A Minor Upgrade: Switch and Battery

2021-01-25 13 min read Behind the scenes Hardware Networking Teknikal_Domain Unable to load comment count

See also: managing to mildly destroy a network for 5 minutes while the switch has an anxious breakdown. Unfortunately, my reliable Dell PowerConnect switch has, well… it failed (kinda), and I was looking for an excuse to upgrade switches, so… I did. Admittedly, my impressions of Netgear kit aren’t the highest, but, hey, this switch is actually stupidly good for the price (I paid).

Oh, yeah, I also replaced the UPS since the entire network was offline anyways.

Now keep note that this and the next post (where I replaced the firewall) are all the same day and same general time. I’d link to it, but that circular dependency means that at least one of these two is going to link to a non-existent article, and an error of that magnitude would cause Hugo to explode into a supermassive black hole, destroying my site, the VM, the hypervisor, and eventually, my entire house, so please excuse me if I say literally just look forward one (or wait a day if this is the newest one).

The Battery

Backstory: this house is about to catch on fire. See, for a while now, I’ve been running my network off the outlets on one side of my room, which put the full 300-ish watt load on the same circuit as the living room.. with a completely separate home network, another R710 server, and, actually, a lot more stuff, as well as my gaming rig. Well with the new GPU that thing just got (let’s just say I jumped from a GTX 980 to a GTX 1080 Ti), we’re really pushing the limit of what a single 10 Amp circuit is capable of handling. Luckily, the outlets on the other side of my room are on a separate circuit and a separate 10A limit, one that’s barely utilized. So, I figure swapping outlets is as good a time as any to do some work. Part of this “work” involved fixing the issue where any time the power dipped, the hypervisor rebooted.

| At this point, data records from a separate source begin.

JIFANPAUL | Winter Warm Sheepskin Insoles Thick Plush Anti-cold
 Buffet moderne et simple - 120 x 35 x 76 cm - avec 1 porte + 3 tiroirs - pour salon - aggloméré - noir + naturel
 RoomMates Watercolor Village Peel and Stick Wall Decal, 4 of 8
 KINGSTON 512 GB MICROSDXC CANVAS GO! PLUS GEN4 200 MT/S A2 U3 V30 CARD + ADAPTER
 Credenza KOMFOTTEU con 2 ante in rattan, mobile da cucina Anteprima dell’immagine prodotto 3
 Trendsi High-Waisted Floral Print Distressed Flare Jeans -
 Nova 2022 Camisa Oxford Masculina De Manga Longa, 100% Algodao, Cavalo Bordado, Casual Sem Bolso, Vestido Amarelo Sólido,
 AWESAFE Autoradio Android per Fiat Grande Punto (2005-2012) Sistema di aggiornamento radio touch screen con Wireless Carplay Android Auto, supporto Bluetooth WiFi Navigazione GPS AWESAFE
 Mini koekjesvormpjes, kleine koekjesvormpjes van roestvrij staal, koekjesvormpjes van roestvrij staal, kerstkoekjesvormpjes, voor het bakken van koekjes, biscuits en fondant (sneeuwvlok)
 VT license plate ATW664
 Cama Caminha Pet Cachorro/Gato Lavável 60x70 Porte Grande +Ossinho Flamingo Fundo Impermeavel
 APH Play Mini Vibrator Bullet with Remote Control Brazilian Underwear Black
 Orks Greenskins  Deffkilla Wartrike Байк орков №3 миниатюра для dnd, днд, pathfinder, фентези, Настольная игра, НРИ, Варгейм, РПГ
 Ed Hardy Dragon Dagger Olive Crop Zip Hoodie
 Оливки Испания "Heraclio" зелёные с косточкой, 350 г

See, computer equipment like that is really sensitive to power fluctuations. That’s why, at some point, when we freed up a Geek Squad UPS (see also: “battery backup”), I just went ahead and shoved everything on that, since it’s capable of handling the load, and just about any UPS has AVR (Automatic Voltage Regulation), maybe that will help clean it up. And… it did, just not enough. That thing wasn’t capable of handling everything perfectly, and if the main power ever dipped and it went on battery, the switch over would cause enough of an anomaly to reboot the hypervisor. Luckily, we have a fix.

We found a really good deal on a 1500 VA Eaton 9130 UPS, a device actually meant to handle equipment this sensitive. (I’ll get to the numbers in a second.) They’re big, boxy (though there is a rack mountable version), and it’s now the noisiest piece of equipment in my room from the single always-on fan, but it has no trouble whatsoever here.

These units have a lot of connectivity options, like a USB interface, serial, and even a slot for a web-based management card (that’s a story for later), and that’s just for monitoring. There’s even a trip for emergency shutdown (aka “if these two pins aren’t connected anymore”), and said card can, depending, also take an environmental probe for humidity and temperature readings.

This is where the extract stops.